Polydactyly in the mouse mutant Doublefoot involves altered Gli3 processing and is caused by a large deletion in cis to Indian hedgehog.
Babbs C., Furniss D., Morriss-Kay GM., Wilkie AO.
The mouse mutant Doublefoot (Dbf) shows preaxial polydactyly with 6-9 triphalangeal digits in all four limbs and additional abnormalities including a broadened skull, hydrocephalus, and a thickened, kinked tail. The autopod undergoes a characteristic expansion between late embryonic day (E) 10.5 and E11.5, following the onset of ectopic Indian hedgehog (Ihh) expression in the entire distal mesenchyme, except for the zone of polarising activity (ZPA), at E10.5. We show here that limb prepattern, as indicated by expression of Gli3 and Hand2 at E9.5 is unaffected by the mutation. As both Sonic hedgehog (Shh) and Ihh expression are present in Dbf limb buds at E10.5, we generated Dbf/(+);Shh(-/-) mutants to analyse the effects of different patterns of Hedgehog activity on the limb phenotype and molecular differentiation. Dbf/(+) embryos lacking Shh showed postaxial as well as preaxial polydactyly, and the Ihh expression domain extended posteriorly into the domain in which Shh is normally expressed, indicating loss of ZPA identity.
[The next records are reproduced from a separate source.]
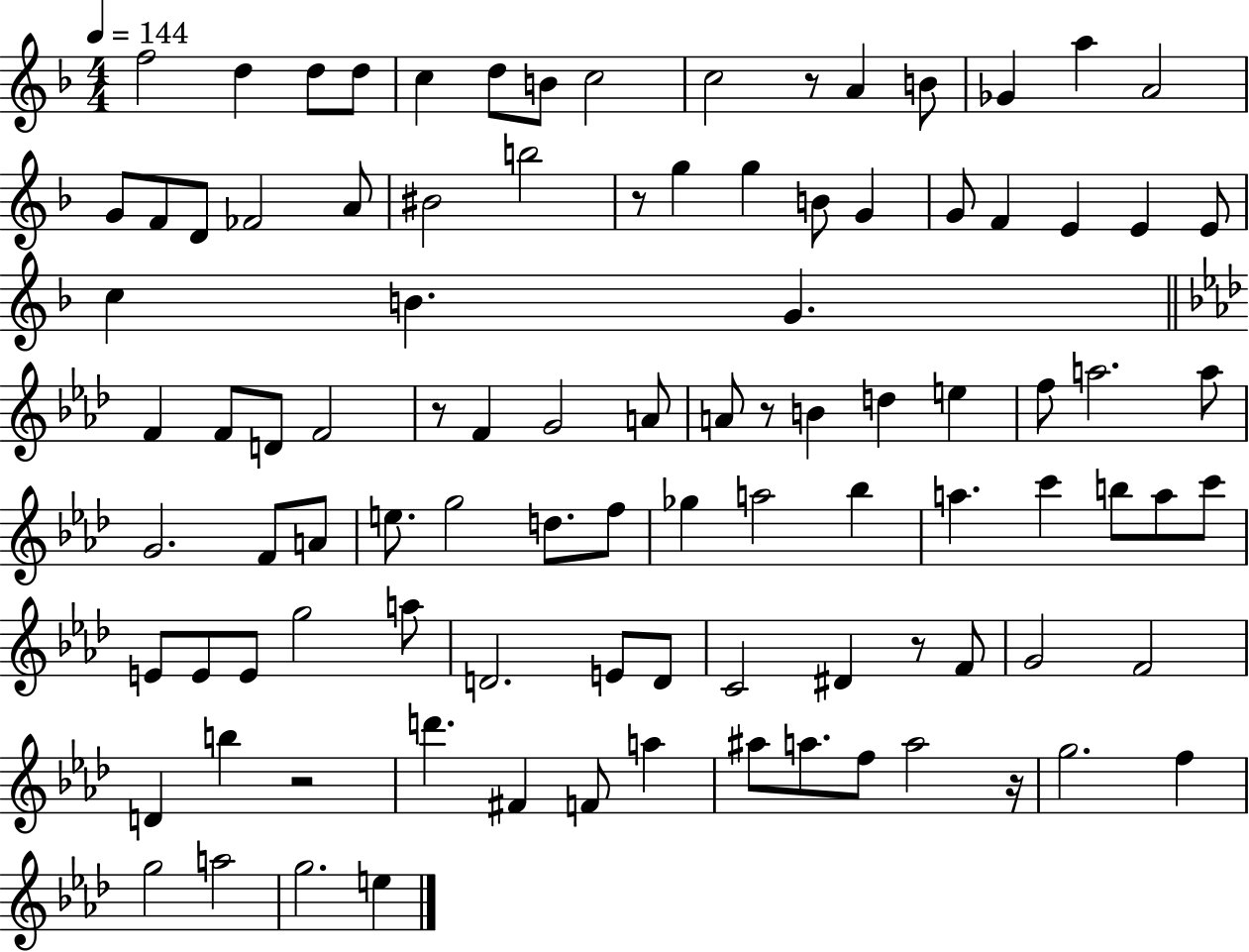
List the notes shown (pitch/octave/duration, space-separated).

F5/h D5/q D5/e D5/e C5/q D5/e B4/e C5/h C5/h R/e A4/q B4/e Gb4/q A5/q A4/h G4/e F4/e D4/e FES4/h A4/e BIS4/h B5/h R/e G5/q G5/q B4/e G4/q G4/e F4/q E4/q E4/q E4/e C5/q B4/q. G4/q. F4/q F4/e D4/e F4/h R/e F4/q G4/h A4/e A4/e R/e B4/q D5/q E5/q F5/e A5/h. A5/e G4/h. F4/e A4/e E5/e. G5/h D5/e. F5/e Gb5/q A5/h Bb5/q A5/q. C6/q B5/e A5/e C6/e E4/e E4/e E4/e G5/h A5/e D4/h. E4/e D4/e C4/h D#4/q R/e F4/e G4/h F4/h D4/q B5/q R/h D6/q. F#4/q F4/e A5/q A#5/e A5/e. F5/e A5/h R/s G5/h. F5/q G5/h A5/h G5/h. E5/q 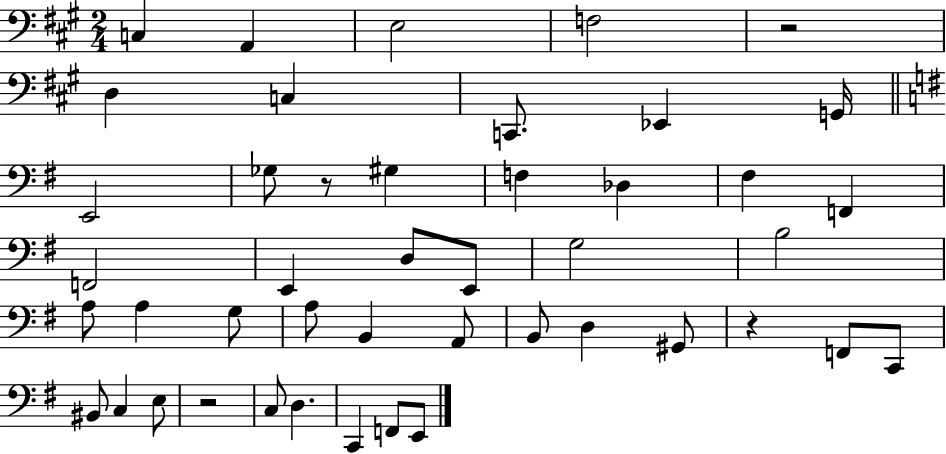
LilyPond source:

{
  \clef bass
  \numericTimeSignature
  \time 2/4
  \key a \major
  c4 a,4 | e2 | f2 | r2 | \break d4 c4 | c,8. ees,4 g,16 | \bar "||" \break \key e \minor e,2 | ges8 r8 gis4 | f4 des4 | fis4 f,4 | \break f,2 | e,4 d8 e,8 | g2 | b2 | \break a8 a4 g8 | a8 b,4 a,8 | b,8 d4 gis,8 | r4 f,8 c,8 | \break bis,8 c4 e8 | r2 | c8 d4. | c,4 f,8 e,8 | \break \bar "|."
}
Differences in gene expression patterns in wild type, single and compound mutants were associated with differences in Gli3 processing: an increased ratio of Gli3 activator to Gli3 repressor was observed in the anterior half of Dbf/(+) limb buds and in both anterior and posterior halves of compound mutant limb buds at E10.5. To identify the cause of Ihh misregulation in Dbf/(+) mutants, we sequenced approximately 20 kb of genomic DNA around Ihh but found no pathogenic changes. However, Southern blot analysis revealed a approximately 600 kb deletion disrupting or deleting 25 transcripts, starting 50 kb 5' of Ihh and extending away from the gene. The large deletion interval may explain the wide range of abnormalities in Dbf/(+) mutants. However, we did not detect anologous deletions in cases of Laurin-Sandrow syndrome, a human disorder that shows phenotypic similarities to Dbf.